For me the Masser won on the styling & noise stakes but I found it's performance a huge let down, the ride crashy & the gear change very harsh. No doubt this newer model has moved things on, but at this event & around Milbrook, the Flying Spur was by far the most capable car & battered the other 2 in the performance stakes, it was that good I requested a 2nd run round the Alpine track & something very satisfying having a Bentley airborne


----------



## Bathurst (Apr 4, 2011)

KingOfTheGT-R said:


> Sorry mate I got you confused with someone else. I recognize your name from somewhere but obviously not the guy who was choosing between an E63 and a GTR.:runaway:


Hi that was me and in the end I did choose the E63 over the GTR after driving both. As an everyday car the E63 was the clear winner and more practical for a family man. 
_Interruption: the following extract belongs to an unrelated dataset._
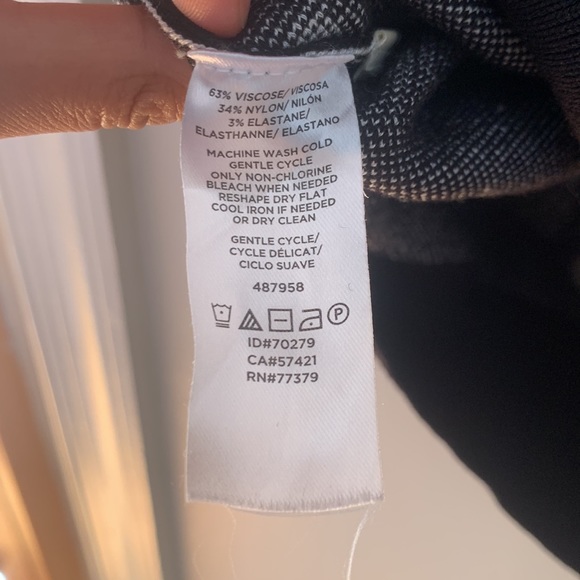 Ann Taylor Polka-Dot 3/4 Sleeve Sweater - Picture 4 of 4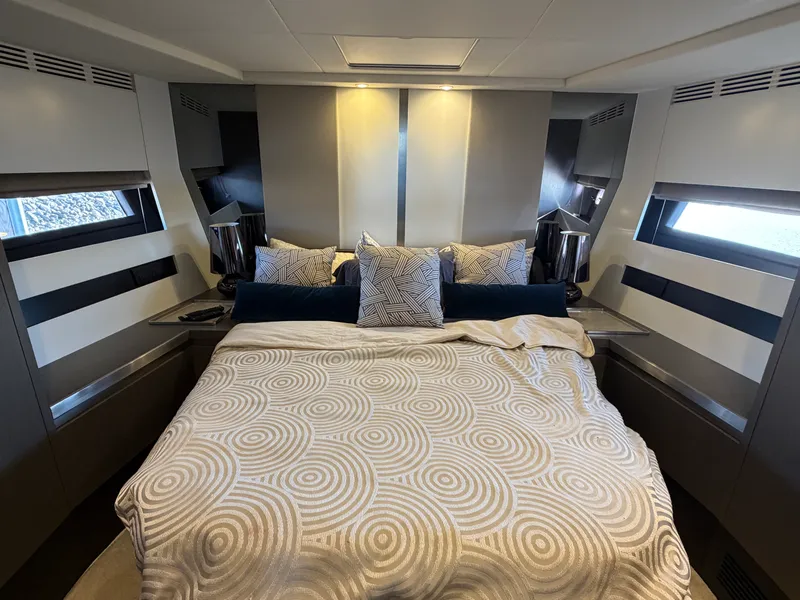 Slide: The Image of Azimut S6 2019 - 26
I will update the original thread when I get a moment with my thoughts on both cars and my dealer experiences.

T.


----------



## KingOfTheGT-R (May 21, 2011)

Bathurst said:


> Hi that was me and in the end I did choose the E63 over the GTR after driving both. As an everyday car the E63 was the clear winner and more practical for a family man.
> 
> I will update the original thread when I get a moment with my thoughts on both cars and my dealer experiences.
> 
> T.


 Aw thank god I got you lol I was wondering what you chose... Haha. I had a feeling you would choose the E63 over the R35.


----------